Religion and politics: 65 years on, Skopje marks Mother Teresa’s big day

RASHMEE ROSHAN LALL September 12, 2015
MotherTeresa-MicheleDuvalier

Mother Teresa was politically controversial

Today (September 12) is an important day for those who follow political developments. Britain’s Labour Party’s choice of leader is revealed and there’s every indication it’s not likely to an airbrushed, auto-idea, focus group-obsessed synthete (to coin a word that sounds like for the sort of inauthentic figures that symbolise much of electoral politics).

But today is also important for quite another reason and it’s all to do with faith. It’s the 65th anniversary of the foundation of Mother Teresa’s Missionaries of Charity and they’re marking the occasion for the first time in her home city of Skopje.

Politics and religion, of course, make for a strange but compelling twinning. They’re both about belief – in the power of hope and the possibility of change. They’re about redemption. As Mahatma Gandhi put it: “those who say religion has nothing to do with politics do not know what religion is.”

I learnt of the event in Skopje from my good friend, British-Albanian academic Gezim Alpion, who knows pretty much all there is to written know about Mother Teresa and is currently writing yet another book on her. Gezim is one of the two speakers at the Skopje symposium.

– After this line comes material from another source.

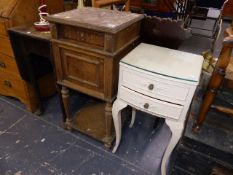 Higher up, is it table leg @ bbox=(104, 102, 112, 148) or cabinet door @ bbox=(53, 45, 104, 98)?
cabinet door @ bbox=(53, 45, 104, 98)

I find it interesting that he says the event is significant because it contextualizes the little nun. She was, Gezim tells me, “born and brought up in a diocese that embraced Christianity since apostolic times.”

Gezim’s book will focus on the early stage of her life – and the key influences on her place of birth.

He says that uncovering the roots of Christianity in Skopje makes it easier to understand Gonxhe Bojaxhiu, as Mother Teresa was known until she became a nun, as well as her metamorphosis into a religious figure known around the world. And one who has been politically controversial in death, as in life.